---------- Extracted entries

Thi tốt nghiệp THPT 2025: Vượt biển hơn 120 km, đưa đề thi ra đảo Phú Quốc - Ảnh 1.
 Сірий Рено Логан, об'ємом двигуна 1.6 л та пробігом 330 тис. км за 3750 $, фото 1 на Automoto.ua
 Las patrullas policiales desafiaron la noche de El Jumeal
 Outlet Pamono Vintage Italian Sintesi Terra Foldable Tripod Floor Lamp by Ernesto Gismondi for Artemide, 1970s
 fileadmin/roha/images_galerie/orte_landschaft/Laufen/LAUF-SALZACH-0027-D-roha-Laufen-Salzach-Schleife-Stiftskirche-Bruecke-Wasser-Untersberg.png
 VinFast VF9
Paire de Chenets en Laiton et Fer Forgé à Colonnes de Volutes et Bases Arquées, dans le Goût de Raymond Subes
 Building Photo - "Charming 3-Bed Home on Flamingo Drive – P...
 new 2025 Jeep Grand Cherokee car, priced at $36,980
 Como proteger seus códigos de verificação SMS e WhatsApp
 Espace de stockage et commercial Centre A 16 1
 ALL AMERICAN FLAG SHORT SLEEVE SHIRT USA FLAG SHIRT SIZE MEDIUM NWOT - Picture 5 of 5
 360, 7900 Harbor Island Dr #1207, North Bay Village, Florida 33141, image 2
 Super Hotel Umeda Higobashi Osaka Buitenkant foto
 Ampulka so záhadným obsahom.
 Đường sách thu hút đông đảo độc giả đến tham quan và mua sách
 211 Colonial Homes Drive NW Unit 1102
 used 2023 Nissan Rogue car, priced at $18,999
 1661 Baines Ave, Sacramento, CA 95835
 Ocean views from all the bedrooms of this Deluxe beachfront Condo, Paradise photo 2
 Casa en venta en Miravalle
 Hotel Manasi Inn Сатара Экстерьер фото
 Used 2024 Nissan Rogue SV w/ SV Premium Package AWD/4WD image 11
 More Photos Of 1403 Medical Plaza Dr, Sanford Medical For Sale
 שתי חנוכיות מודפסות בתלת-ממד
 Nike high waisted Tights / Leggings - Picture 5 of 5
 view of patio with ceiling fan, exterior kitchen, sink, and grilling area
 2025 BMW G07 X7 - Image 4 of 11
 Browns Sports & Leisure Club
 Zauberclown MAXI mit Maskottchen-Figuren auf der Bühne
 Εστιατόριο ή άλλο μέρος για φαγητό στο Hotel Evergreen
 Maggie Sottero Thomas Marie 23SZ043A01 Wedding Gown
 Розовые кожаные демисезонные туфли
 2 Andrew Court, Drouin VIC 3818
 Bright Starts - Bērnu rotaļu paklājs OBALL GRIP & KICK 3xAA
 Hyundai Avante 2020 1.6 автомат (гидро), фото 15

--------------------

## Required work
Everything from the line containing "Browns Sports & Leisure Club" through the last line of the records must be given again exactly; leave out all other lines.

## Output for this exercise
 Browns Sports & Leisure Club
 Zauberclown MAXI mit Maskottchen-Figuren auf der Bühne
 Εστιατόριο ή άλλο μέρος για φαγητό στο Hotel Evergreen
 Maggie Sottero Thomas Marie 23SZ043A01 Wedding Gown
 Розовые кожаные демисезонные туфли
 2 Andrew Court, Drouin VIC 3818
 Bright Starts - Bērnu rotaļu paklājs OBALL GRIP & KICK 3xAA
 Hyundai Avante 2020 1.6 автомат (гидро), фото 15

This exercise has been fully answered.